Some entries follow. Reproduce exactly the lines starting at the one with "Dạy học gắn" and stopping after the one with "Mesin kasir cash".

# Extracted records
* * * * *
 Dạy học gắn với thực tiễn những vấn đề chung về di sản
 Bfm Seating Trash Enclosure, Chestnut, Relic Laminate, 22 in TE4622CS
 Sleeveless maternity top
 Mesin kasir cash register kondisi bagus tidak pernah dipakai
* * * * *
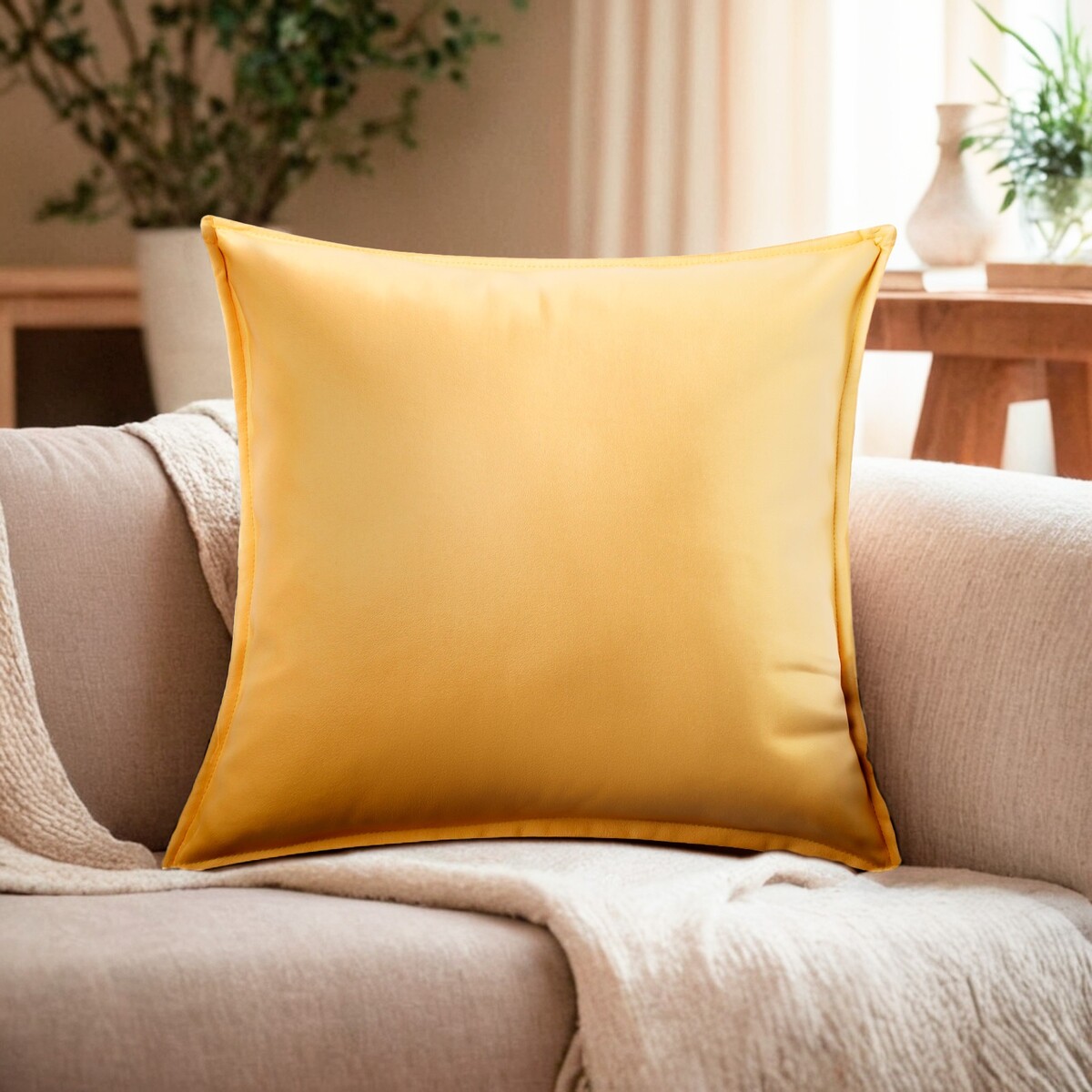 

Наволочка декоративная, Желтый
* * * * *
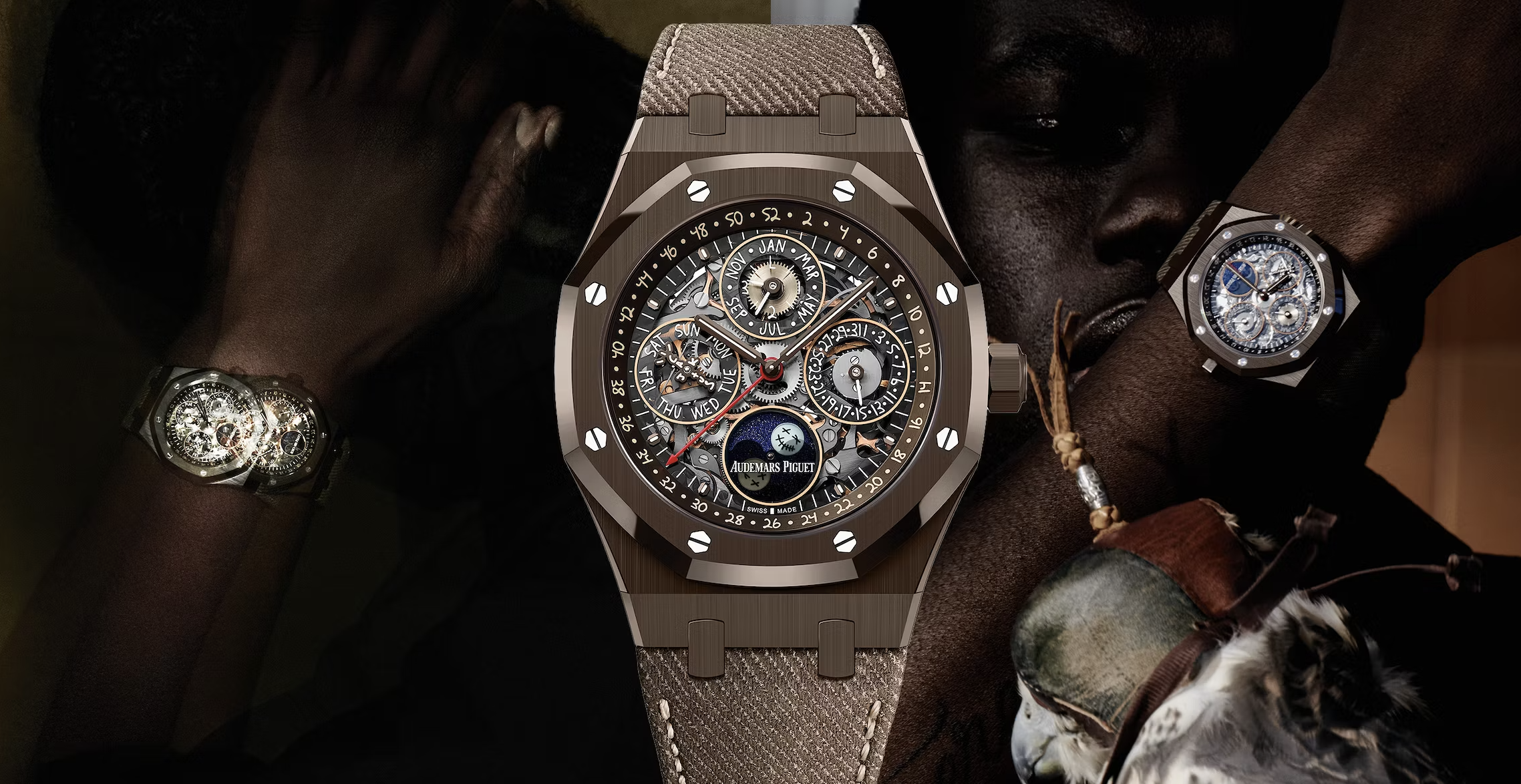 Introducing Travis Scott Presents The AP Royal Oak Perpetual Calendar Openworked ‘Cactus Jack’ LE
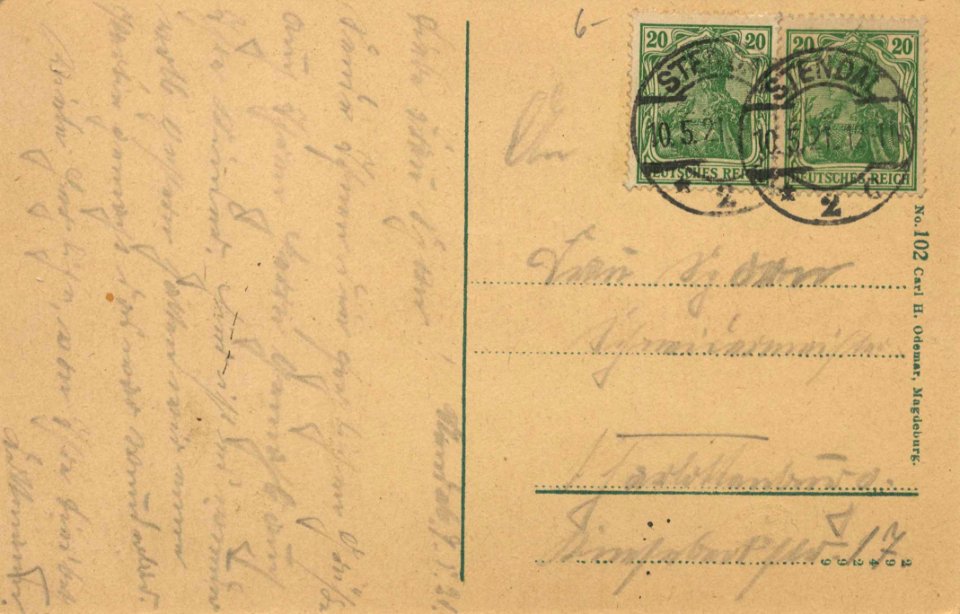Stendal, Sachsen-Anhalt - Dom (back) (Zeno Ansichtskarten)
* * * * *
# Answer to this problem
 Dạy học gắn với thực tiễn những vấn đề chung về di sản
 Bfm Seating Trash Enclosure, Chestnut, Relic Laminate, 22 in TE4622CS
 Sleeveless maternity top
 Mesin kasir cash register kondisi bagus tidak pernah dipakai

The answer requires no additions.